* Task statement:
The lines wanted are those from the one containing "Iris sibirica 1" to the last line of the entries below; output them exactly, leaving out pictures.

* Exercise data:

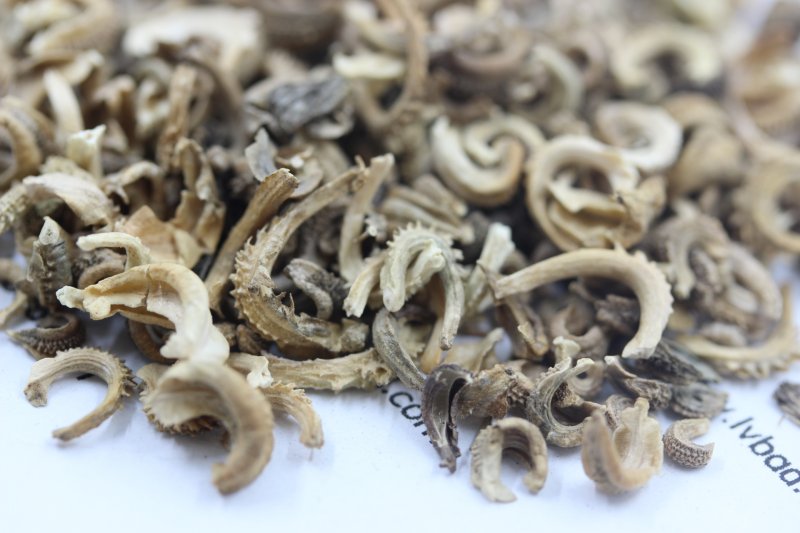 <a href='http://www.fscangbo.com/caohuazhongzi/1571.html' target='_blank'>金盞菊</a><a href='http://www.fscangbo.com/' target='_blank'>種子</a>圖片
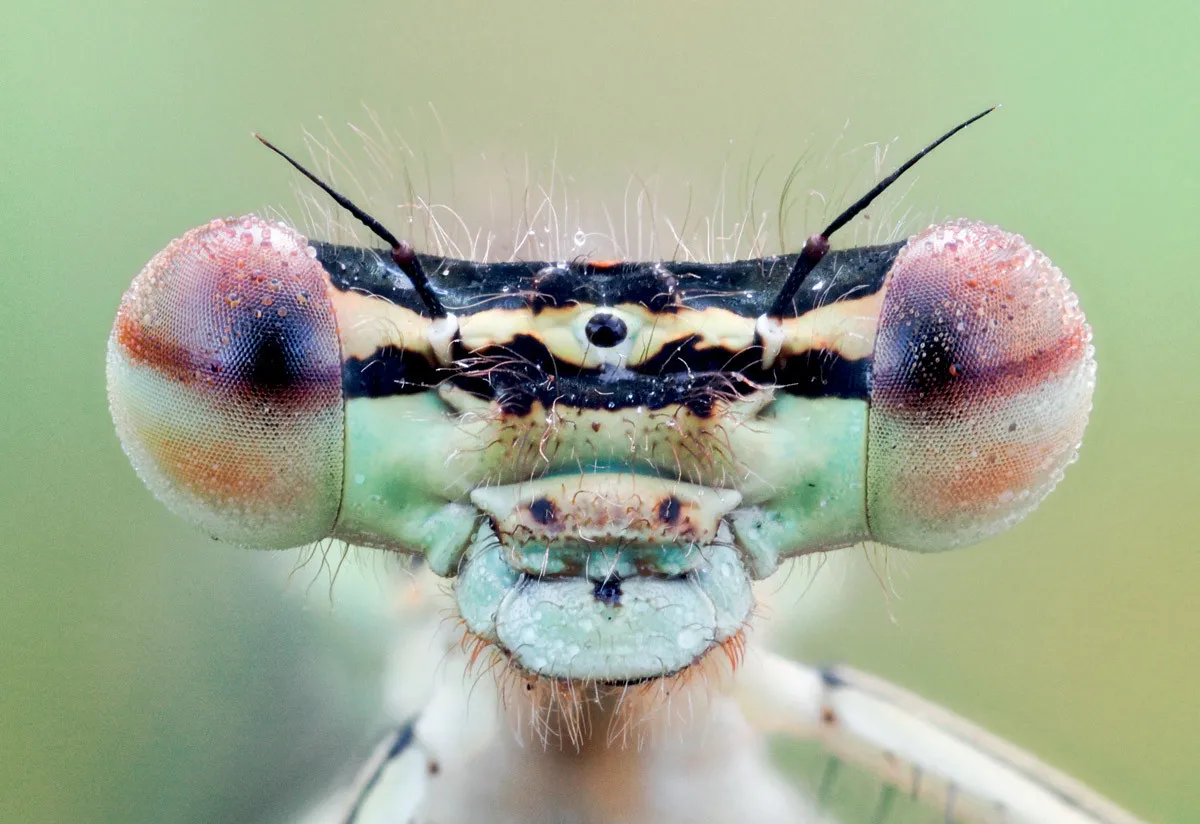 obiektyw makro fotografia owad&oacute;w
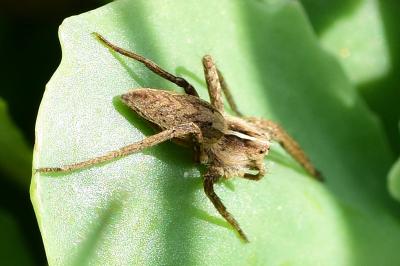 <i>Pisaura mirabilis</i>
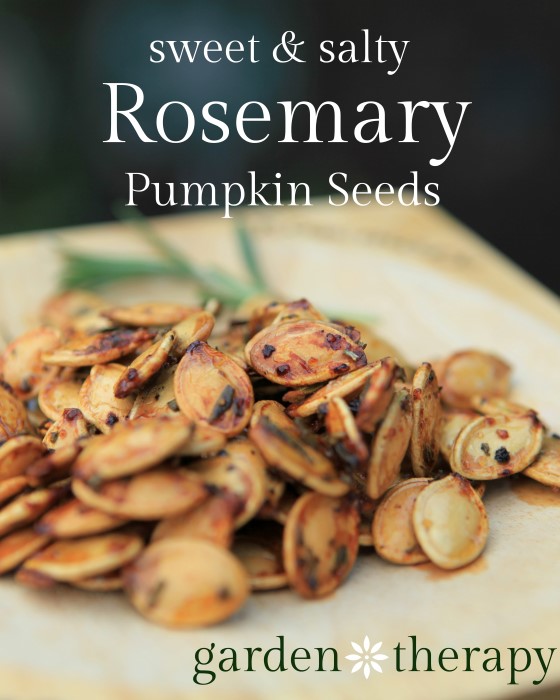 Highly Addictive Rosemary Pumpkin Seeds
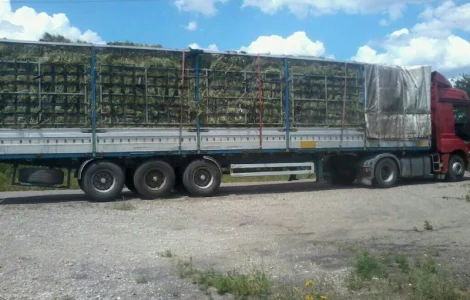 Сено люцерни та лугове - доставка включена у вартість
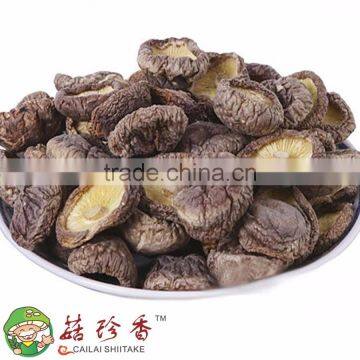Free Shipping Premium Fresh Flower Shiitake Mushroom Spawn Cultivation photo-3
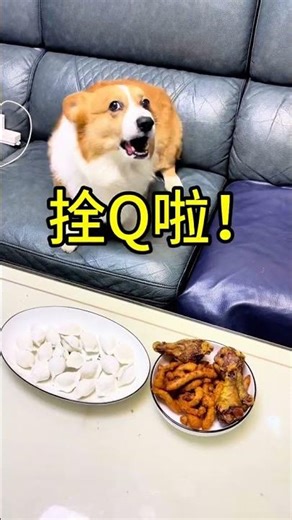 Thank you Silly Brother for feeding us. We ll start eating at 7 o clock on time. See you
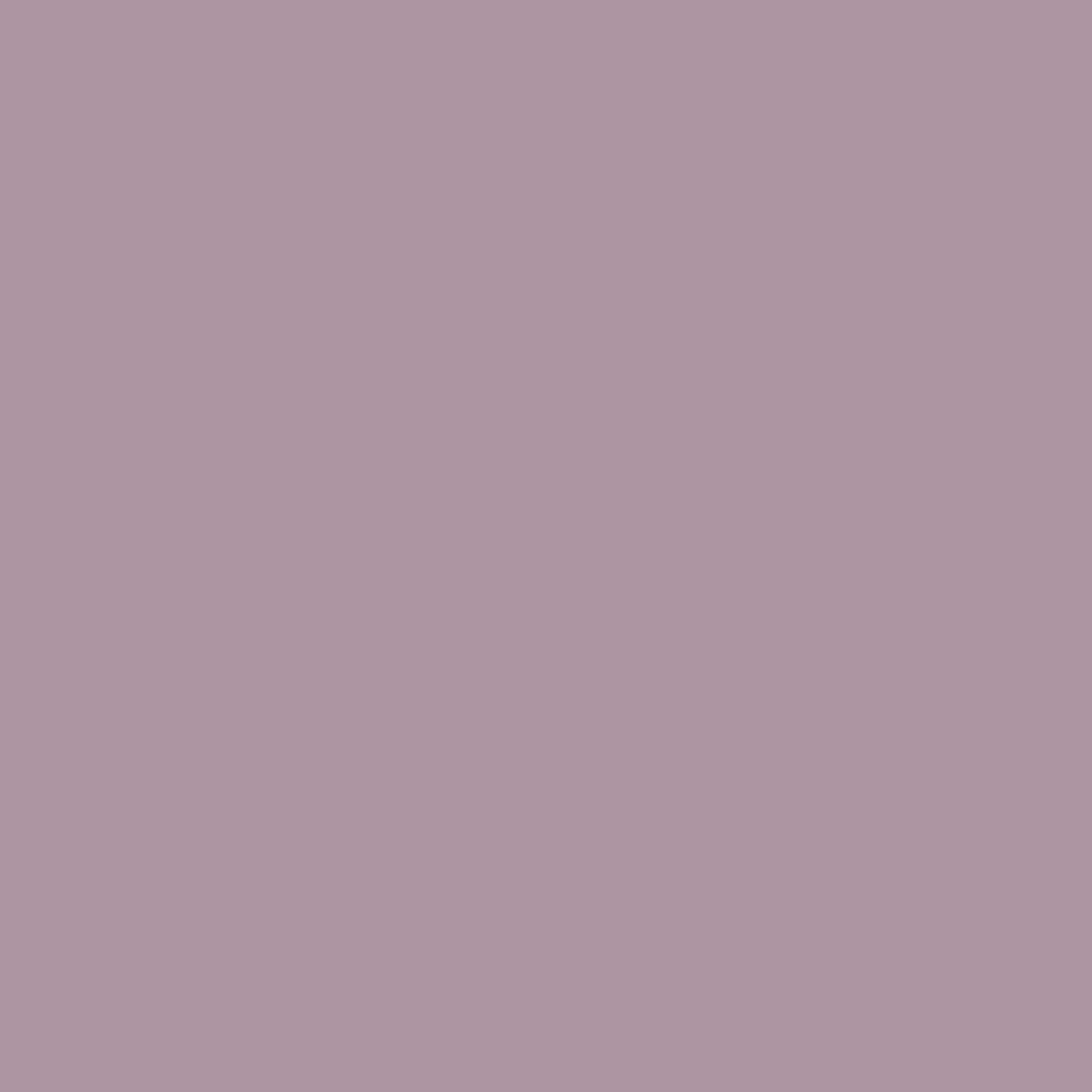 158 Clic Clac Wall Primer Flamant - Traumfarbe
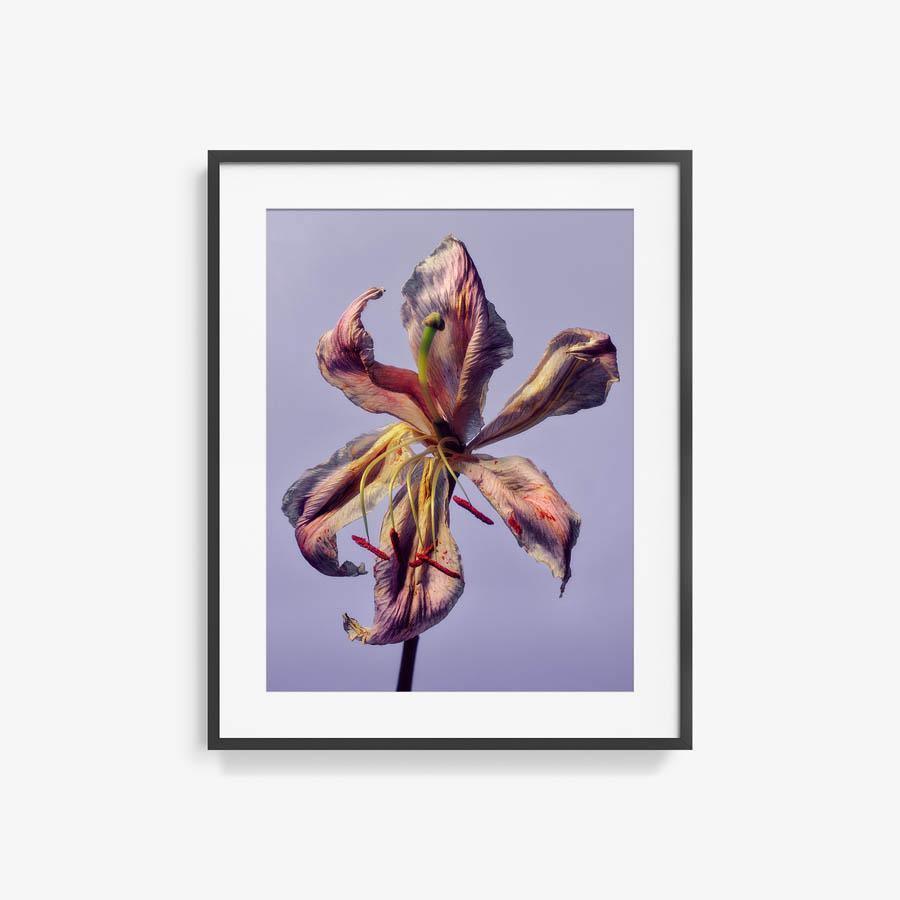 Photography by Jacques Brun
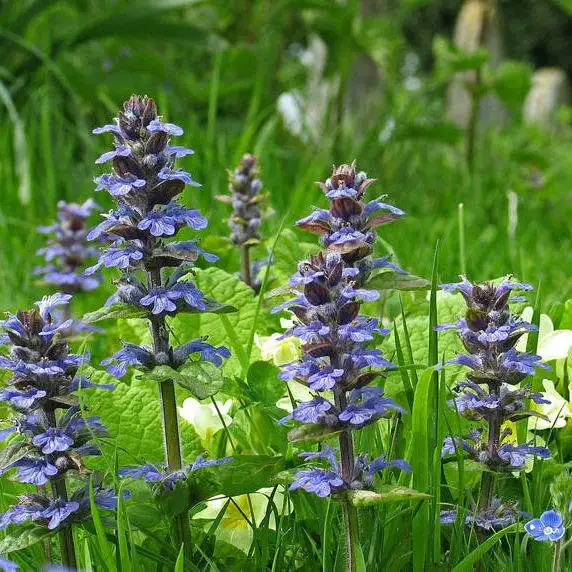 
Wuhan HHD Ajuga Turkestanica Extract Acetylharpagide 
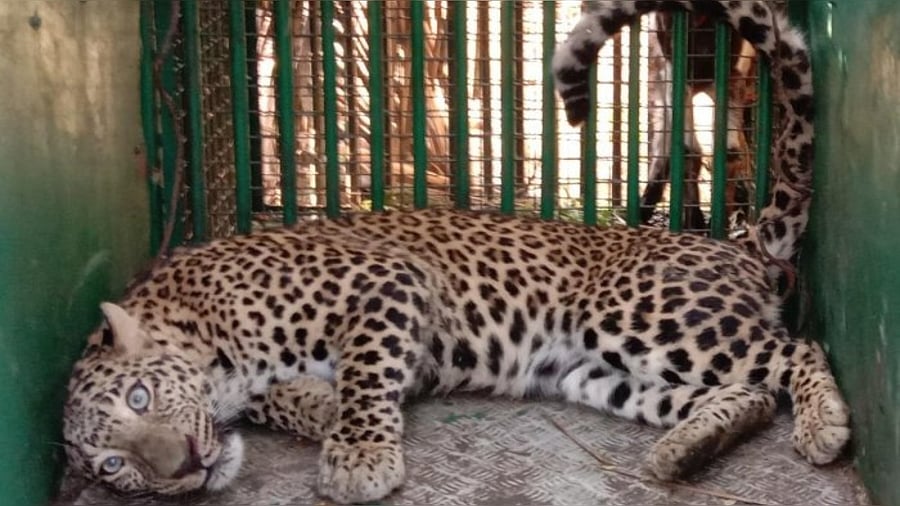 Leopard trapped in a cage at the Burur Amrutmahal Kaval. Credit: DH Photo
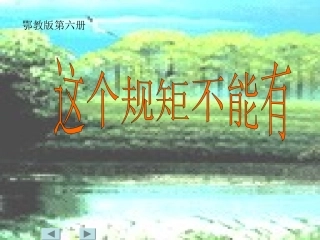 这个规矩不能有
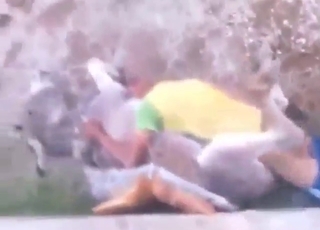 Submissive donkey in zoo porn with a male zoophile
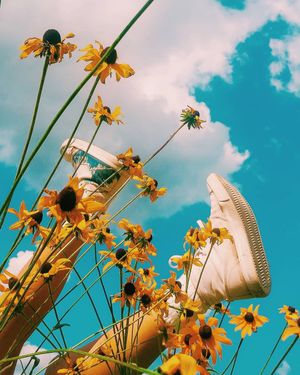 Image post by @jordanranease on Instagram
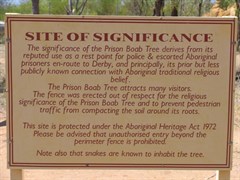 Prison Boab Tree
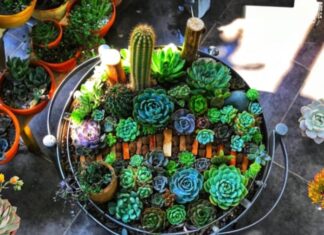“The Hidden Significance of Succulent Plants in Feng Shui”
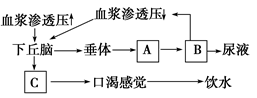 www.xiangpi.com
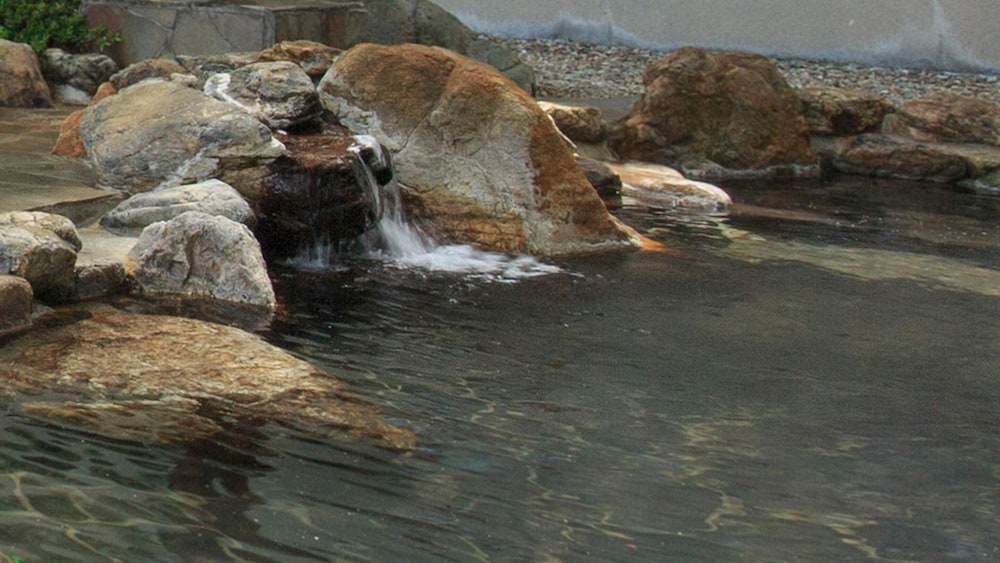 渡り温泉 ホテルさつき 花巻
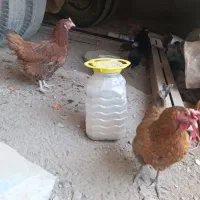 مرغ تخمگذار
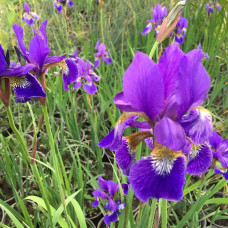 Iris sibirica 1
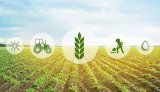 Azerbaijan reveals total value of agricultural products in agroparks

* Your response:
 Iris sibirica 1
 Azerbaijan reveals total value of agricultural products in agroparks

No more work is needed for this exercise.